O psicopedagogo desenvolveu o projeto com o intuito de transmitir informações, para que a sociedade entenda cada vez mais como lidar com pessoas com deficiência e, principalmente, para que tenha acesso aos sintomas de cada deficiência. Para ele, a ausência de conhecimento gera a exclusão dos PCDs da sociedade, e ele quer, de alguma forma, ajudar a reverter isso.
“A inclusão é você dar direitos iguais para pessoas diferentes. É uma pessoa completa como todas as outras, mas com uma dificuldade a mais”
‘Escola é transformar, colocar no caminho do desenvolvimento, socializar’: A capoeira nas escolas
Incluir as pessoas com deficiência no ambiente escolar não é apenas garantir uma estrutura adequada, ou professores classificados. A Inclusão é assegurar que elas estejam presentes em todas as atividades. O Mestre Takinha desenvolveu um projeto de capoeira inclusiva no colégio Fractal Kids, em que está há sete anos. Esse projeto conta com mais de 80 crianças com autismo ou síndrome de down.
A capoeira possui grandes ferramentas para lidar e desenvolver as habilidades das crianças. De acordo com o Mestre, “A capoeira tem a musicalidade. Tem crianças que precisam desenvolver a fala, então nós vamos desenvolver a fala com a música. A capoeira é inclusiva desde quando ela surgiu. Ela apenas tem que ser adaptada. Se a criança tem poucas mobilidades, ela ainda pode jogar capoeira com os braços, com a cabeça, com o sorriso e com o olhar.”
Pedro Paulo, adolescente de 14 anos com paralisia cerebral, é um dos participantes desse projeto. Waydlle, mãe do garoto, relata que seu filho se comunicava na hora da capoeira como nunca em outro ambiente. Além disso, a capoeira o ajudou a sentar com mais firmeza.
“Às vezes as pessoas querem desenvolver um trabalho com crianças com deficiência, e possuem a parte técnica e a teórica. No entanto, para desenvolver esse trabalho, você precisa ter um olhar diferente. Precisa se doar, ter empatia, estar à disposição dessa pessoa. Uso as ferramentas da capoeira e uso o meu sentimento para com aquela pessoa”
Quando questionado sobre o porquê da maioria das escolas não adotarem projetos como esse, Takinha afirmou: “Hoje as escolas não estão preparadas humanamente. A escola é transformar, colocar no caminho do desenvolvimento, socializar. Está faltando nas escolas um olhar humanitário, de cuidar e entender que isso é trabalho da escola.
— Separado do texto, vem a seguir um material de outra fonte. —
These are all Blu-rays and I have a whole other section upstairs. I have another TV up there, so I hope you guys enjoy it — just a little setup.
Eu não digo que é fácil, mas é o trabalho dela.”
Lei e penalização: O que fazer caso os direitos não sejam garantidos
Tairo Batista Esperança, Defensor Público do Estado de Goiás, deu instruções do que os responsáveis devem fazer caso não consigam matricular seus filhos nas escolas por conta da deficiência, ou caso a instituição não tenha as ferramentas necessárias para facilitar a permanência no ambiente escolar.
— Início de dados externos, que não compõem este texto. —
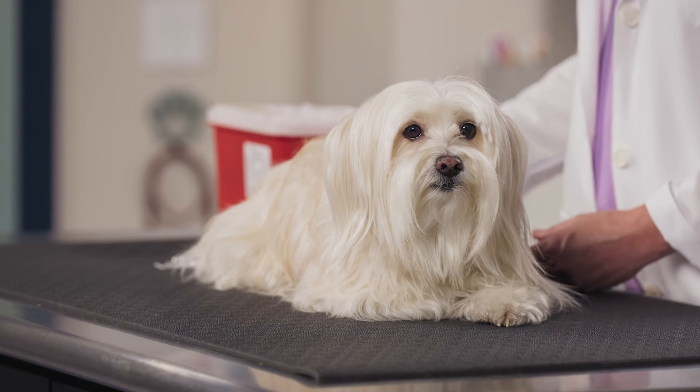Speaking of treats, it's very important that you feed your pet before administering the insulin. Most will need insulin twice a day, so they'll get their injections with their morning and their evening meals. Charlie here doesn't need insulin, but he's here with us today to help demonstrate how to administer a dose.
“Caso não consigam matricular o filho na escola por conta da deficiência, a instituição comete o crime do art. 8º, I, da Lei nº 7.853/1989. Desse modo, os pais ou responsáveis podem buscar apoio na Polícia Civil, no Ministério Público e na Defensoria Pública, que poderão tomar as medidas cíveis e criminais cabíveis para a garantia dos seus direitos”
O defensor também explica que: “Caso a escola não tenha as ferramentas necessárias para facilitar a permanência das pessoas com deficiência no ambiente escolar, os pais ou responsáveis podem cobrar dos órgãos e instâncias que fazem a gestão e a fiscalização das verbas públicas, como o Poder Executivo e o Poder Legislativo. Existem órgãos comunitários de participação na gestão escolar, como os Conselhos de Educação e os conselhos escolares, em que esses temas podem e devem ser debatidos.”
“De imediato, os pais ou responsáveis podem tomar providências na esfera administrativa e judicial para que esse direito seja respeitado. A Defensoria Pública presta assistência jurídica integral e gratuita às famílias de pessoas com deficiência, independentemente do critério de renda, pois elas compõem um grupo especialmente vulnerável. Podemos adotar iniciativas junto ao poder público e as instituições privadas para cobrar e garantir que as adaptações razoáveis sejam implementadas nas escolas. Inclusive, com o ingresso de ações judiciais, de modo a garantir que a estrutura das escolas permitam que a pessoa com deficiência tenha as mesmas oportunidades que os demais”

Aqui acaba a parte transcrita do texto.